TASK INPUTS below:

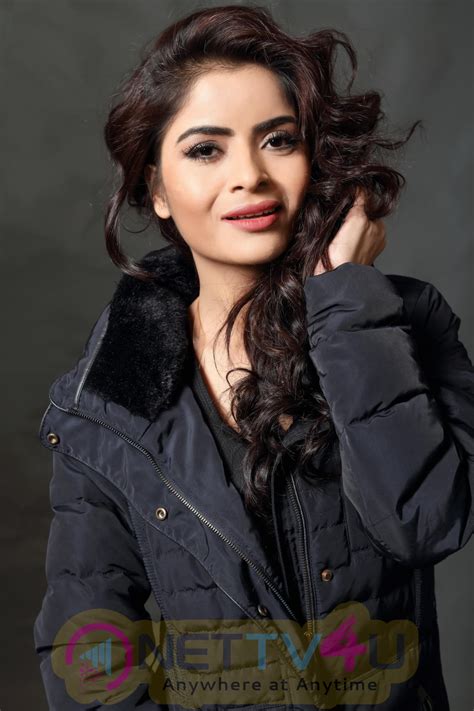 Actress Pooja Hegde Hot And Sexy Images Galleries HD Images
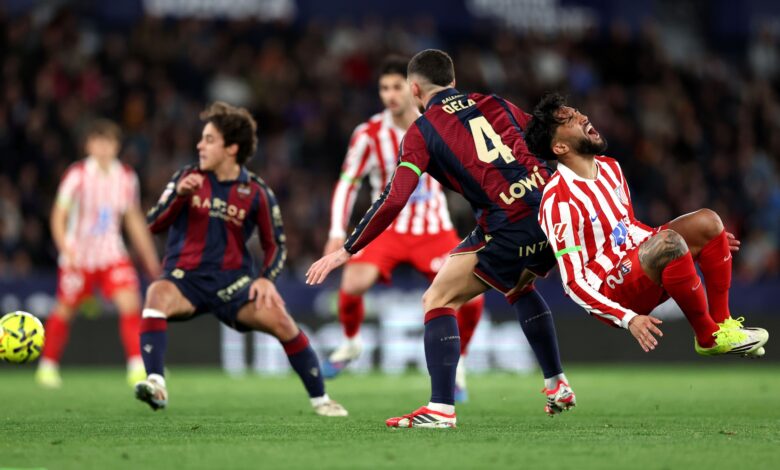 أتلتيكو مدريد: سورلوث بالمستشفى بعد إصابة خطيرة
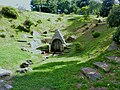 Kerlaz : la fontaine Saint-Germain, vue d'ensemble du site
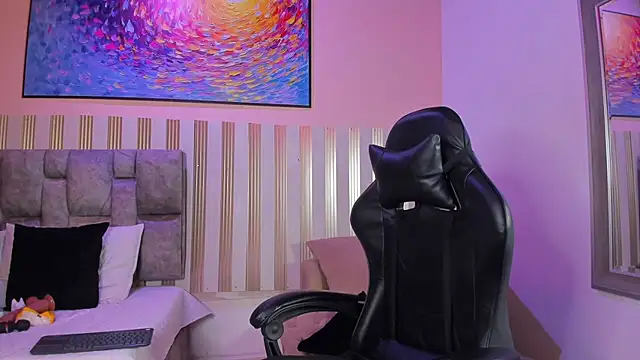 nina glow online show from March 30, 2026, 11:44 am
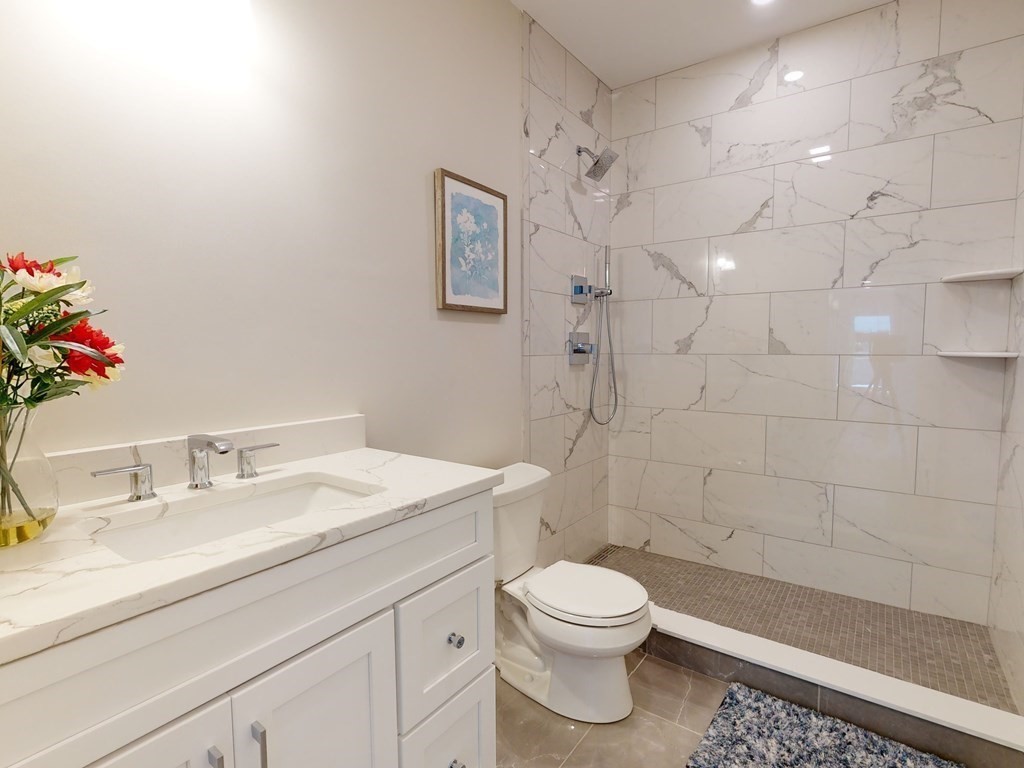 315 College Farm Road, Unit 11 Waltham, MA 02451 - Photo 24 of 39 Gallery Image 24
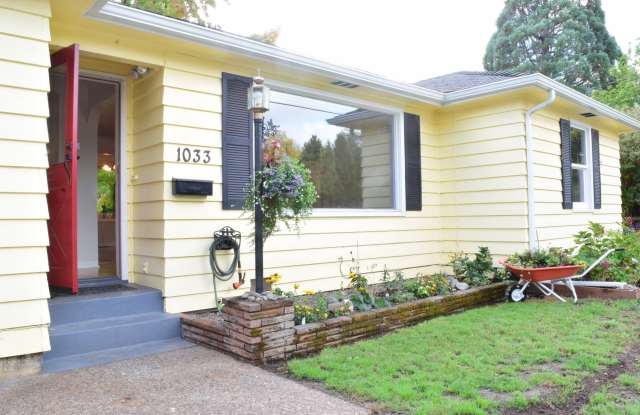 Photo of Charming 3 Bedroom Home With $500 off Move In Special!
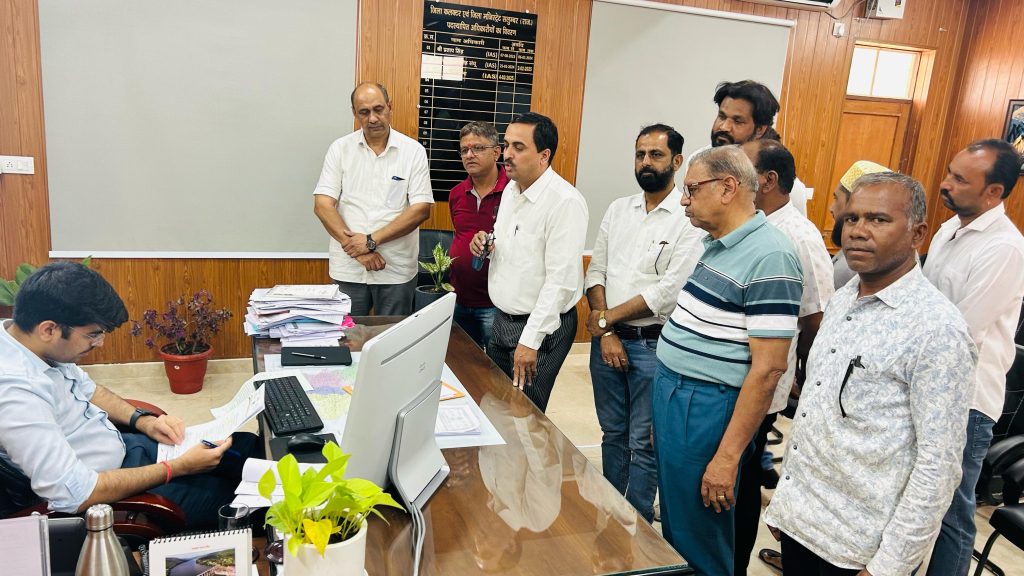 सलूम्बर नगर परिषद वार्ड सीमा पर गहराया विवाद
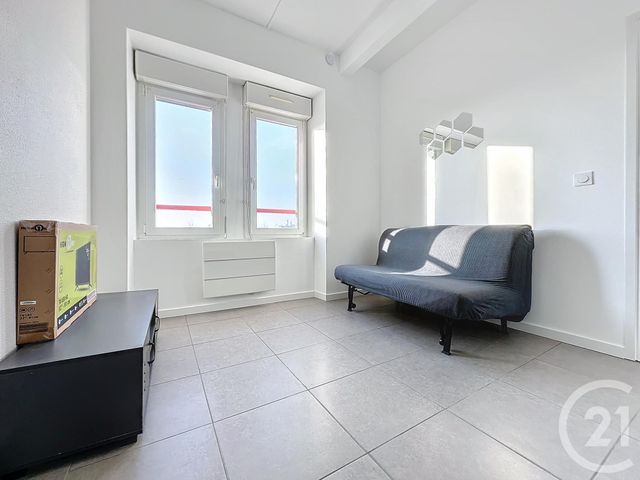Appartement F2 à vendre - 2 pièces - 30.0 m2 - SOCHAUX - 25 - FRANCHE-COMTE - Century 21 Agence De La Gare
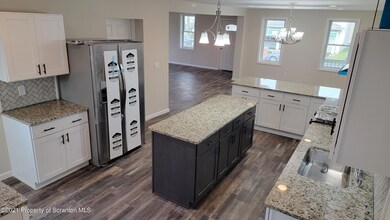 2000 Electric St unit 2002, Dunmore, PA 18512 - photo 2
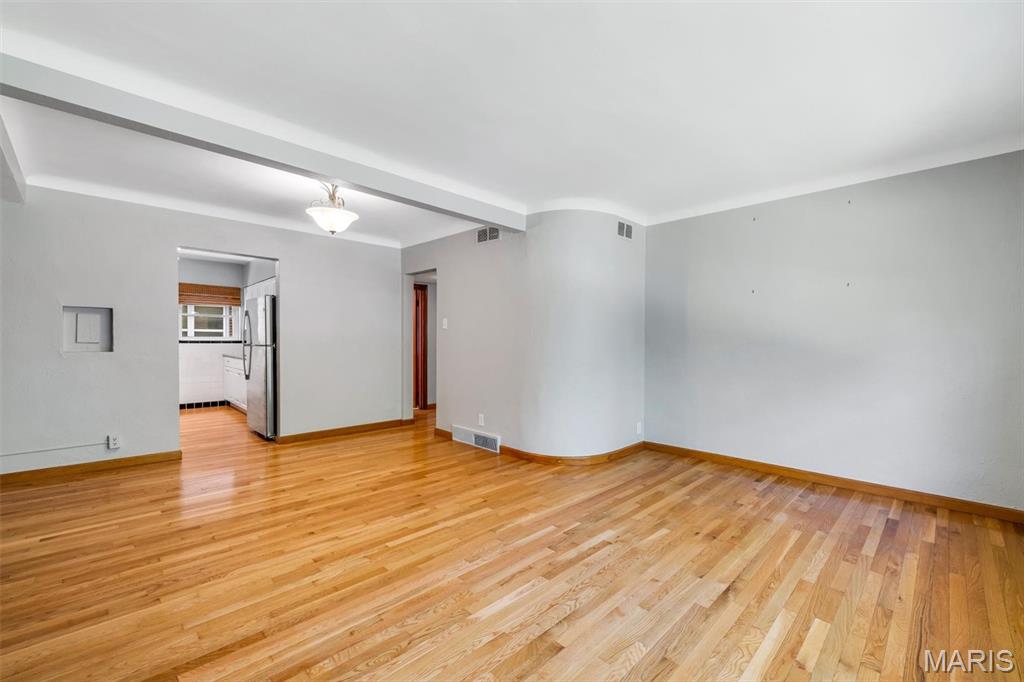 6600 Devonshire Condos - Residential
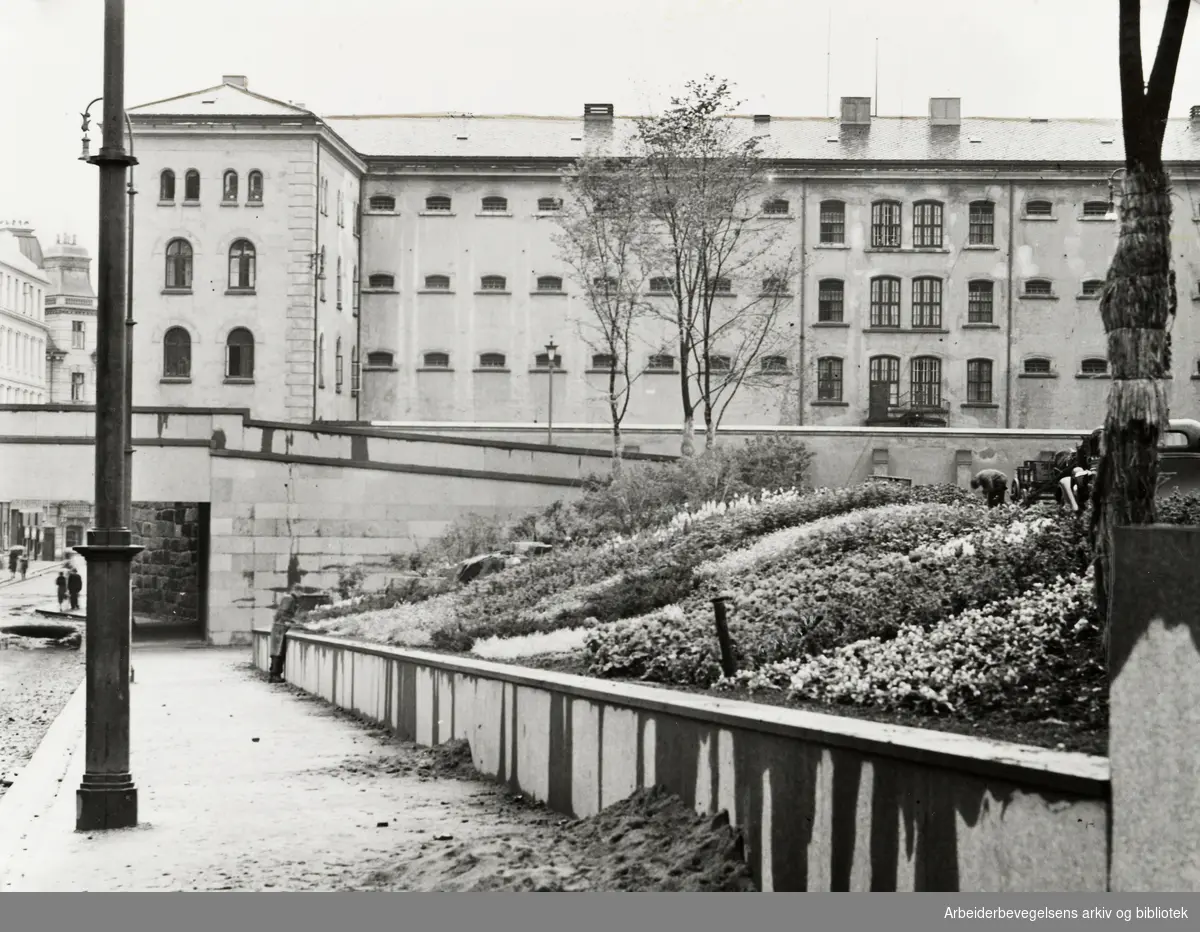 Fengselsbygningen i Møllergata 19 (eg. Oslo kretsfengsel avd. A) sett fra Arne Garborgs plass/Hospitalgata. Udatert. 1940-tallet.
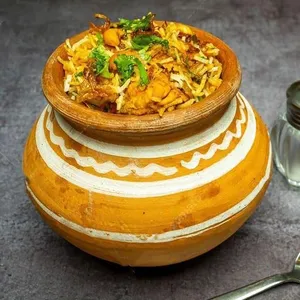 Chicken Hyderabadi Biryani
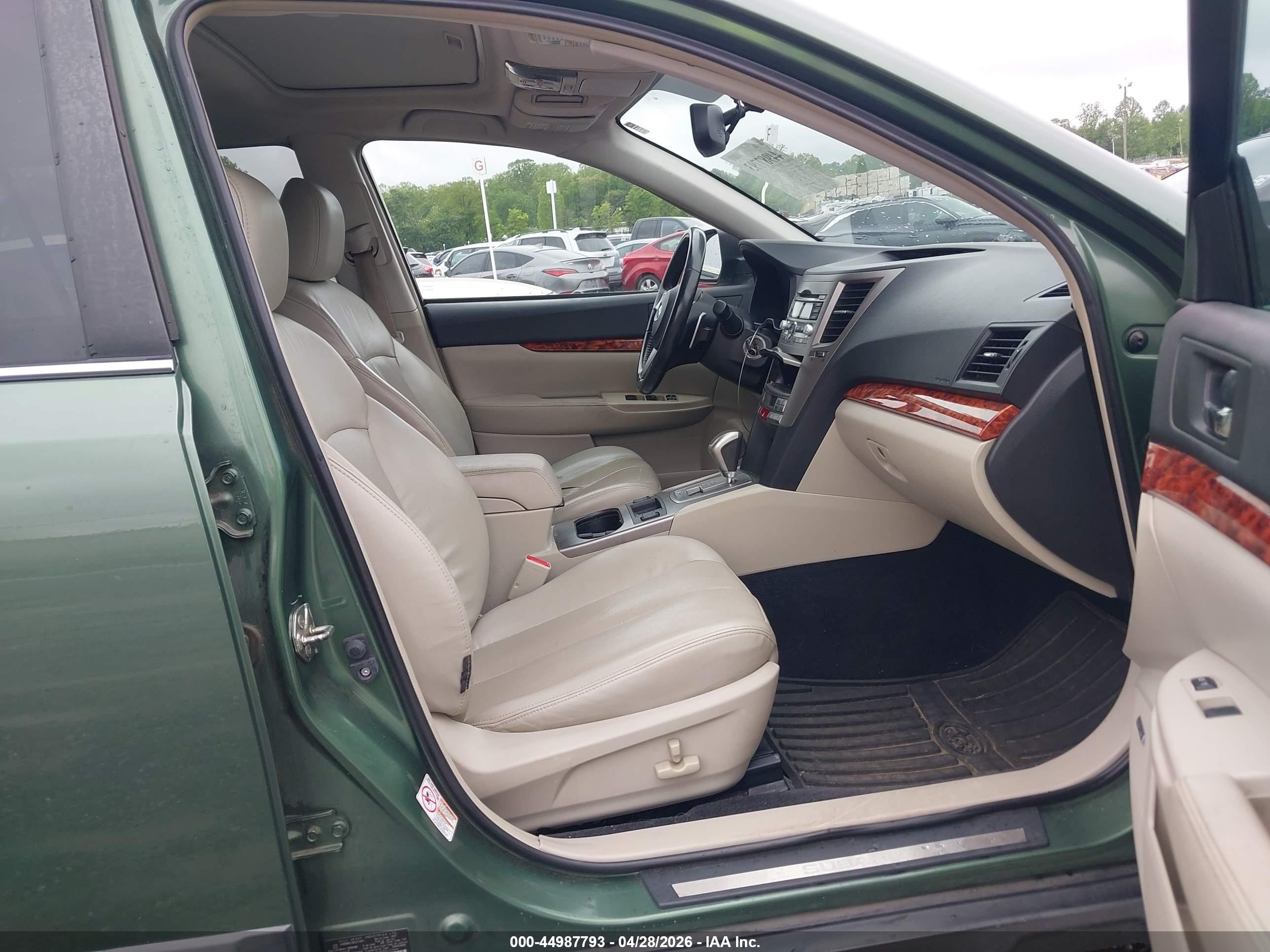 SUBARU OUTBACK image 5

End of TASK INPUTS.

* _DIRECTIONS FOR THIS TASK_
Write out nothing but the lines from the one with "أتلتيكو مدريد: سورلوث" through the last line of the entries, exactly as they stand; pictures are not part of the copy.

* _TASK OUTPUT_
 أتلتيكو مدريد: سورلوث بالمستشفى بعد إصابة خطيرة
 Kerlaz : la fontaine Saint-Germain, vue d'ensemble du site
 nina glow online show from March 30, 2026, 11:44 am
 315 College Farm Road, Unit 11 Waltham, MA 02451 - Photo 24 of 39 Gallery Image 24
 Photo of Charming 3 Bedroom Home With $500 off Move In Special!
 सलूम्बर नगर परिषद वार्ड सीमा पर गहराया विवाद
Appartement F2 à vendre - 2 pièces - 30.0 m2 - SOCHAUX - 25 - FRANCHE-COMTE - Century 21 Agence De La Gare
 2000 Electric St unit 2002, Dunmore, PA 18512 - photo 2
 6600 Devonshire Condos - Residential
 Fengselsbygningen i Møllergata 19 (eg. Oslo kretsfengsel avd. A) sett fra Arne Garborgs plass/Hospitalgata. Udatert. 1940-tallet.
 Chicken Hyderabadi Biryani
 SUBARU OUTBACK image 5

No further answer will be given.